(C) Kim Ludbrook EPA   Fireworks fill the sky over Vancouver at the end of the opening ceremony of the 2010 Winter Olympic Games in Vancouver, Canada, 12 February 2010.
(C) Kim Ludbrook EPA Fireworks fill the sky over Vancouver at the end of the opening ceremony of the 2010 Winter Olympic Games in Vancouver, Canada, 12 February 2010.

As a South African photographer, the thought of editing images from
photographers during the Vancouver 2010 Winter Olympic Games is very
intriguing;  mainly because I have never been in ‘real’ snow or seen any
winter sports with my own eyes.

Over the past two weeks I have been editing Winter Olympic images as part of
the EPA Photos and DPA teams based at the main media centre in Vancouver,
Canada.

One of the first thoughts that crossed my mind was just how the images were
getting from the photographers cameras high in the mountains surrounding the
city to the end user – the newspapers and websites.
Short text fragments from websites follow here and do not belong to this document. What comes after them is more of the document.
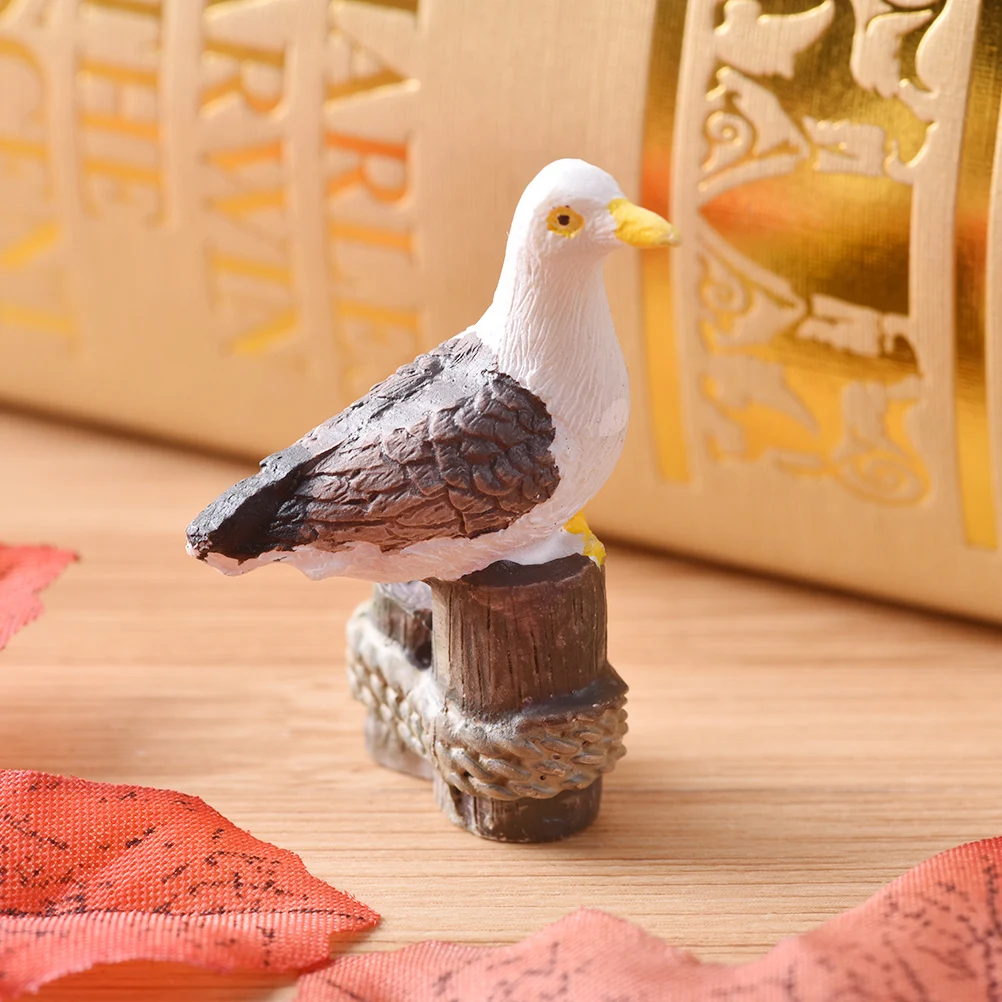 Miniature Dollhouse FAIRY GARDEN Accessories ~ TINY Seagull on Post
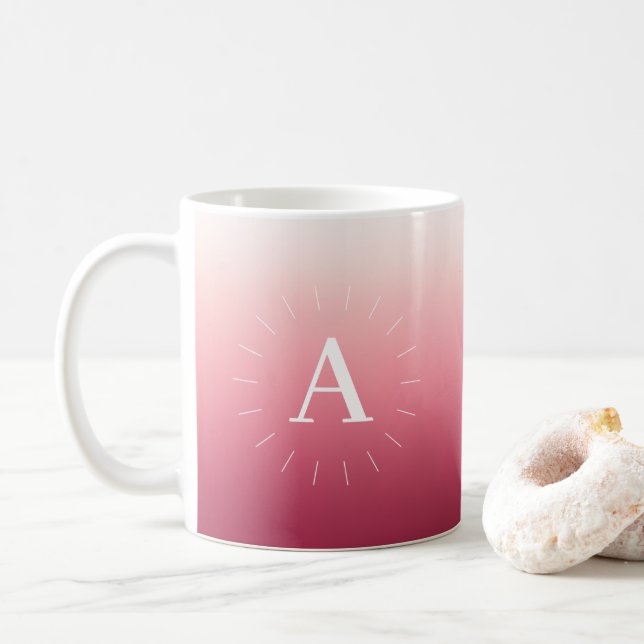 Caneca De Café Iniciais de Gradação Rosa Mug (Com Donut)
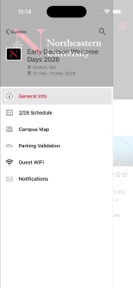 Northeastern Admissions Events screenshot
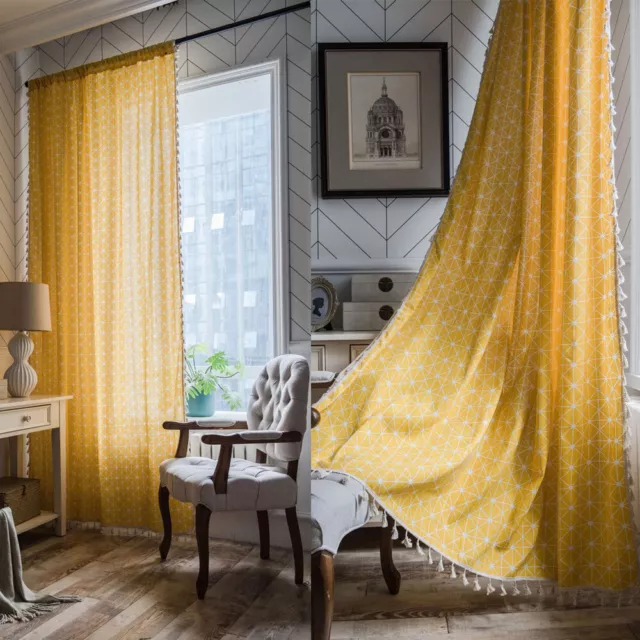 Boho Curtain Tassel Living Room Bedroom Window Drape Curtain Treatment Valance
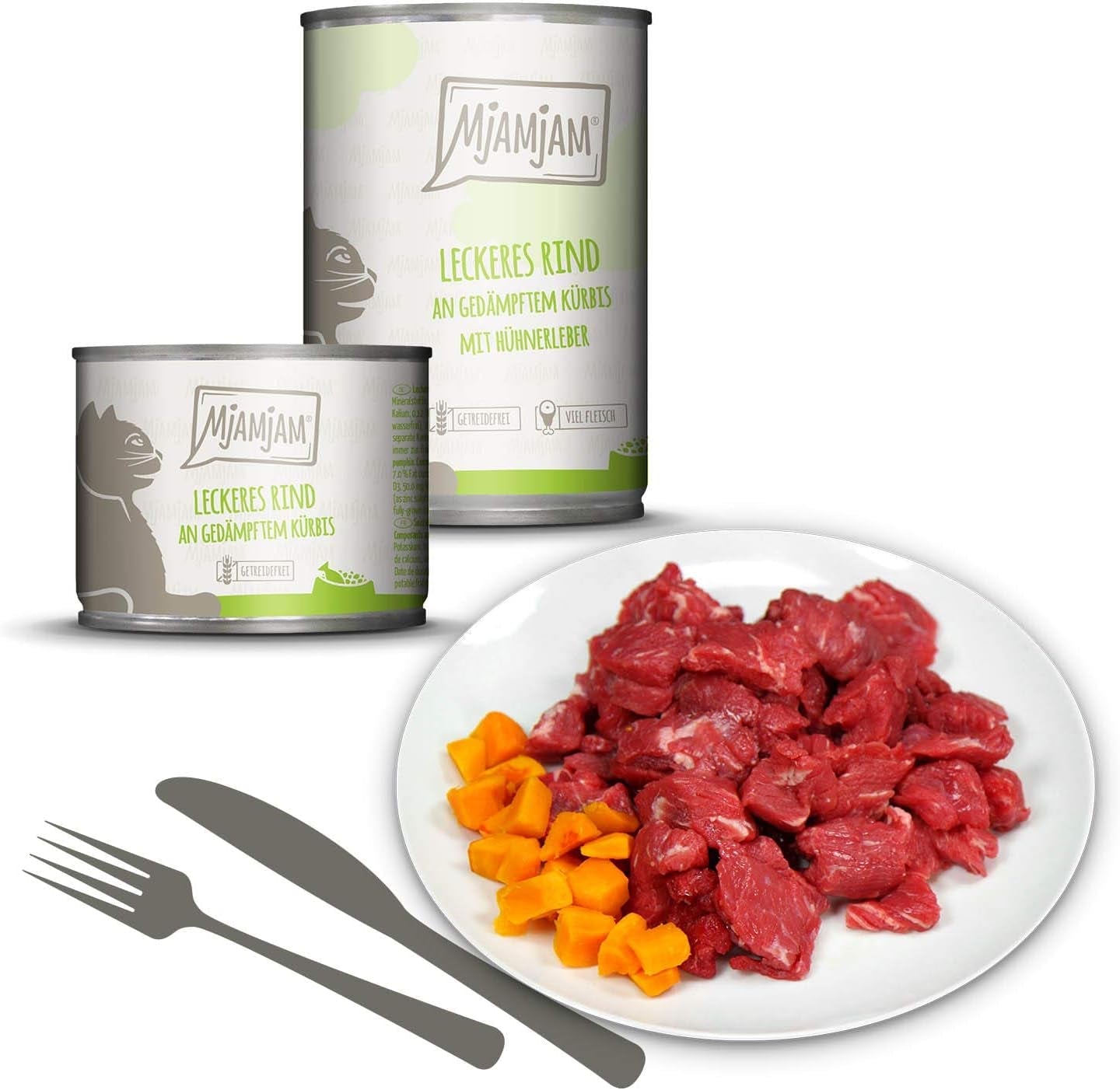 MjAMjAM - Comida húmeda premium para gatos - Paquete mixto I - Pollo, ternera y corazones, paquete de 6 (6 x 200 g), sin cereales y con carne extra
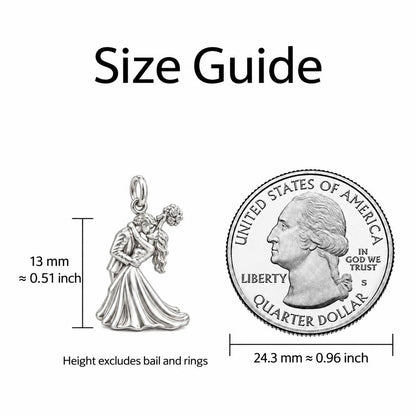 Wedding First Kiss Charm Bracelet – Personalized Couple Gift – size guide, 13 mm charm next to a quarter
Another thought was how
long it takes and what IT resources are needed to make this happen.

What I found out is that an enormous amount preparation is vital for this
type of assignment, and planning from the agency in conjunction with the IOC
is also very important.

The IT department started their work two weeks before any photographers
arrived and they effectively cabled entire mountainsides with LAN cables,
and from there to the designated EPA photo positions that were agreed on
during earlier meetings with the photo manager of the IOC and EPA sports
editor, Gernot Hensel, as well as with IT manager, Ole Bratz.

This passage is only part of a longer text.